Prescriptive Scaling Reveals the Evolution of Language Model Capabilities

Machine learning model performance improvements tend to arise from competition and application. For deployment, we consider prescriptive scaling laws: given a pre-training compute budget, what downstream accuracy is attainable with contemporary post-training practice, and how stable is that mapping as the field evolves? Using large-scale observational evaluations with 5k existing and 2k newly evaluated model checkpoints spanning 2022-2026 across six benchmarks, we estimate capability boundaries, high conditional quantiles of benchmark scores as a function of log pre-training FLOPs, via smoothed quantile regression with a monotone, saturating sigmoid parameterization.

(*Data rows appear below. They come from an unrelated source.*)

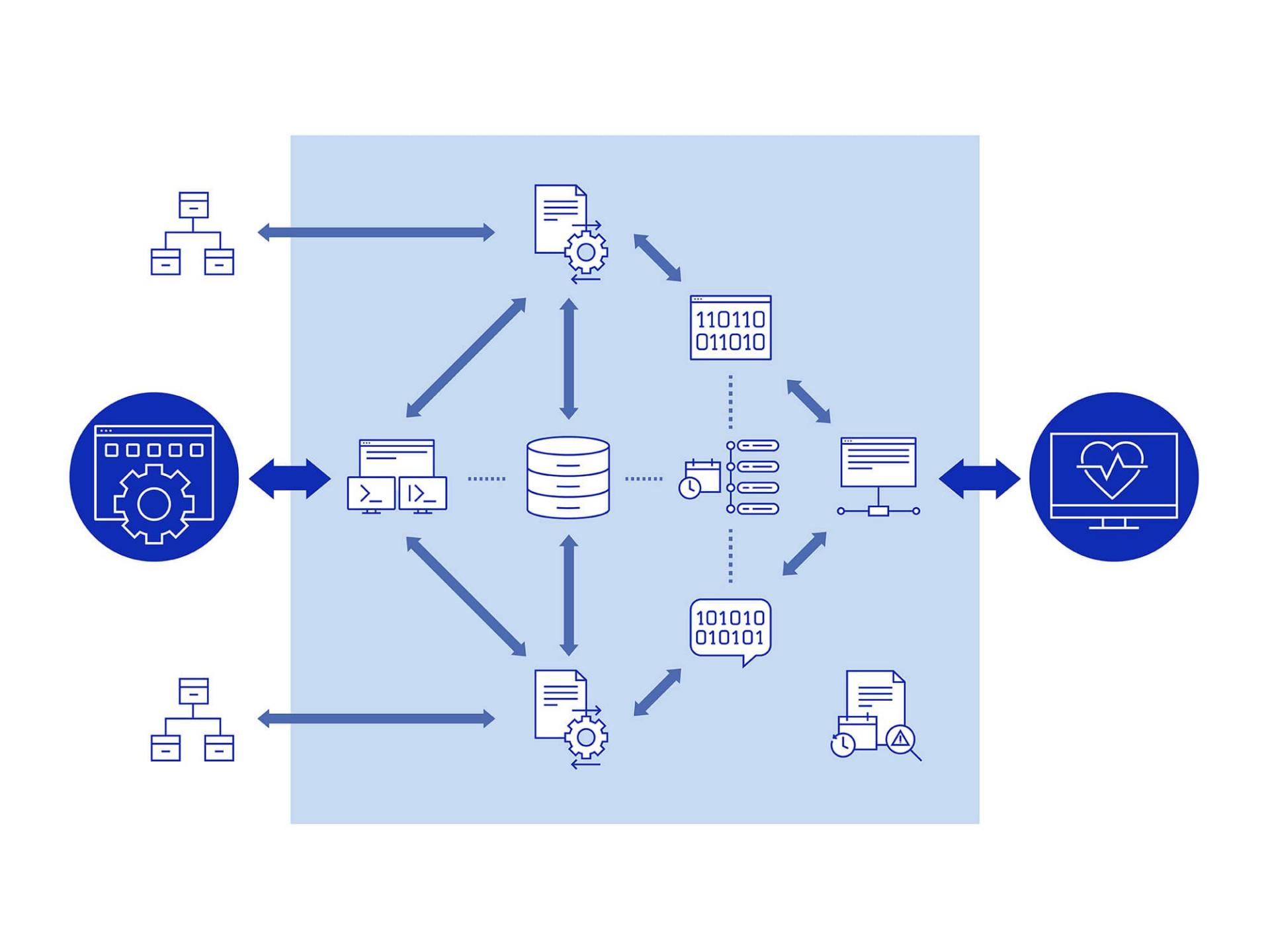 Streamlined Library Architecture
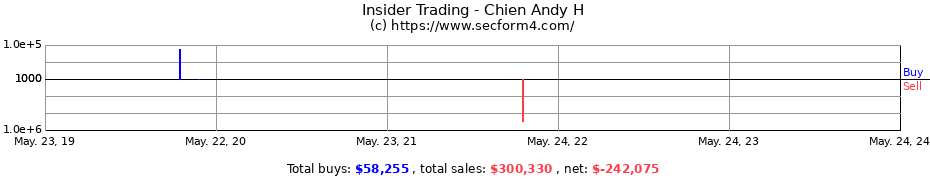 Insider Trading Transactions for Chien Andy H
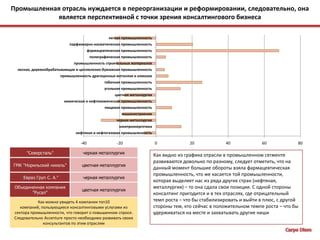 Экономическая ситуация в России налаживается, что приведет к росту бизнеса, а значит к повышенному спросу в консалтинговых услугах На данный момент РВВП растет медленными темпами. Следовательно, для восстановления уровня РВВП нужно оптимизировать расходы, предлагая свои услуги, тем самым набирая клиентский портфель. В будущем по прогнозам РВВП будет расти, и в этой ситуации мы уже будем иметь клиентскую базуГосударству нужно оптимизировать свои расходы, а операционный консалтинг может помочь в этомИностранцы все больше инвестируют в нашу экономику. Все это показывает, что бизнес в России будет развиваться ускоренными темпами, а для сферы управленческого консультирования это является очень выгодной ситуацией, следовательно рынок консультирования будет растиКак видно из графика, заграничные инвесторы все больше интересуются российскими рынками, это вызывает  больший спрос на консультантов, которые знают российский рынокCarpe Diem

We validate temporal reliability by fitting on earlier model generations and evaluating on later releases: across four of six tasks, the out-of-distribution coverage error remains below 2%, while math reasoning exhibits a consistently advancing boundary over time. For instance, at a budget of 10^24 FLOPs, the estimated attainable accuracies are 0.83 on IFEval and 0.54 on MATH Lvl 5. We then extend our approach to analyze task-dependent saturation and to probe contamination-related shifts on math reasoning tasks. Finally, we introduce a balanced I-optimal sampling algorithm that recovers near-full-data frontiers using roughly 20% of the parameter-count-weighted evaluation budget, as low as 5% on some tasks, while maintaining comparable calibration. Together, our work releases Proteus-2k, the latest model performance evaluation dataset, and introduces a practical methodology for translating compute budgets into reliable performance expectations and for monitoring when capability boundaries shift across time.

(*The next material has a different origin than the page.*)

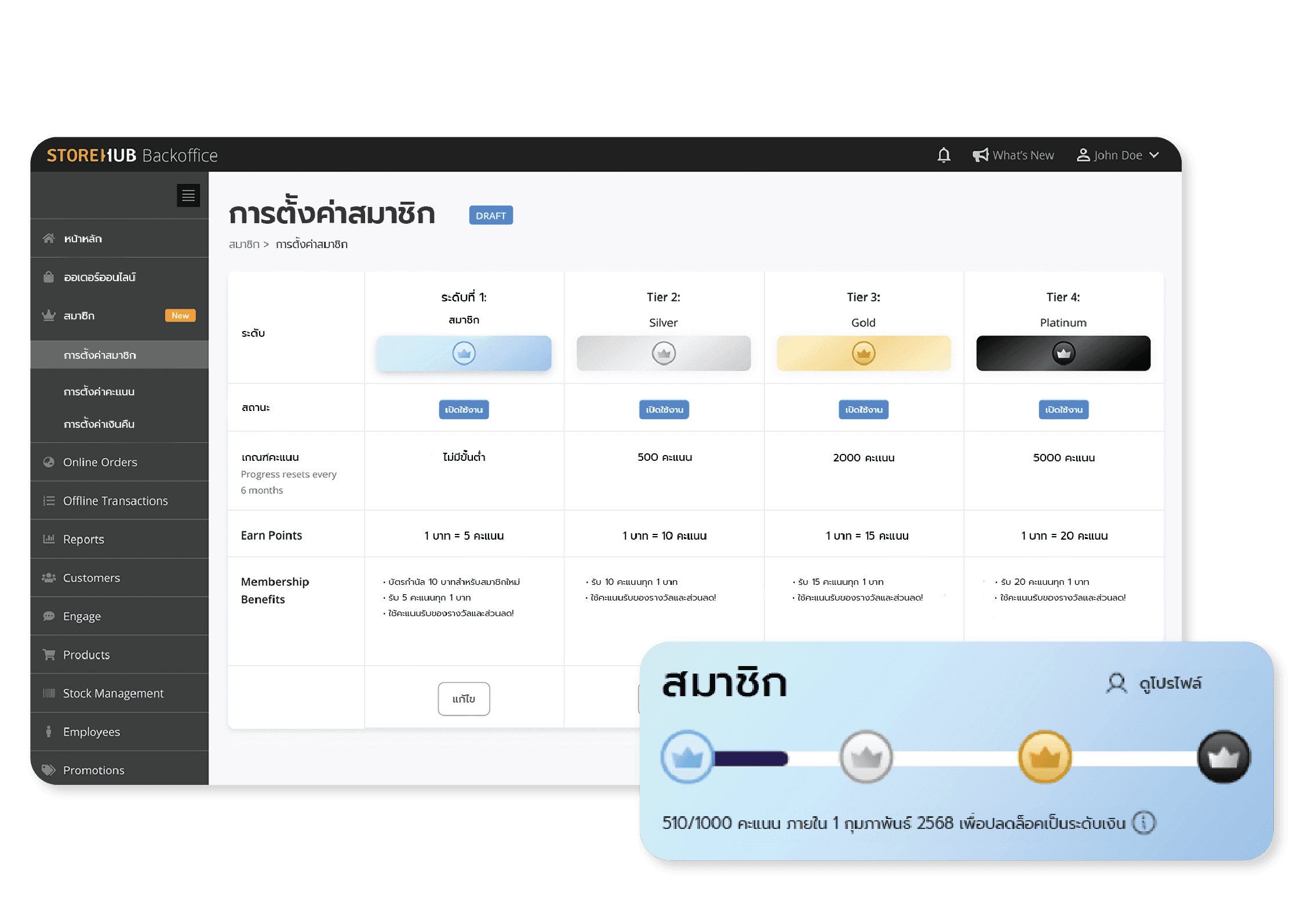 StoreHub BackOffice membership settings showing tiered programs with points thresholds and customer reward progression.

翻译：机器学习模型性能的提升往往源于竞争与应用。针对部署场景，我们考虑指示性缩放定律：给定预训练计算预算，通过当代后训练实践可获得的下游准确率是多少？随着领域发展，这种映射关系的稳定性如何？基于涵盖2022-2026年六个基准测试的5千个现有模型检查点与2千个新评估检查点的大规模观测评估，我们采用单调饱和S形参数化的平滑分位数回归，以对数预训练FLOPs为函数估计能力边界（即基准测试分数的高条件分位数）。通过拟合早期模型代际并评估后续版本，我们验证了时间可靠性：在六项任务中的四项上，分布外覆盖误差低于2%，而数学推理随时间呈现持续演进的能力边界。例如，在10^24 FLOPs预算下，IFEval的估计可达准确率为0.83，MATH Lvl 5为0.54。随后我们将方法扩展至分析任务相关饱和现象，并探究数学推理任务中与数据污染相关的偏移。最后，我们提出一种平衡I-最优采样算法，该算法使用约20%的参数计数加权评估预算（某些任务低至5%），即可恢复近乎全数据前沿，同时保持可比校准。综合而言，本研究发布了最新模型性能评估数据集Proteus-2k，并引入了一套实用方法论，既可将计算预算转化为可靠的性能预期，也能监测能力边界随时间推移的变迁。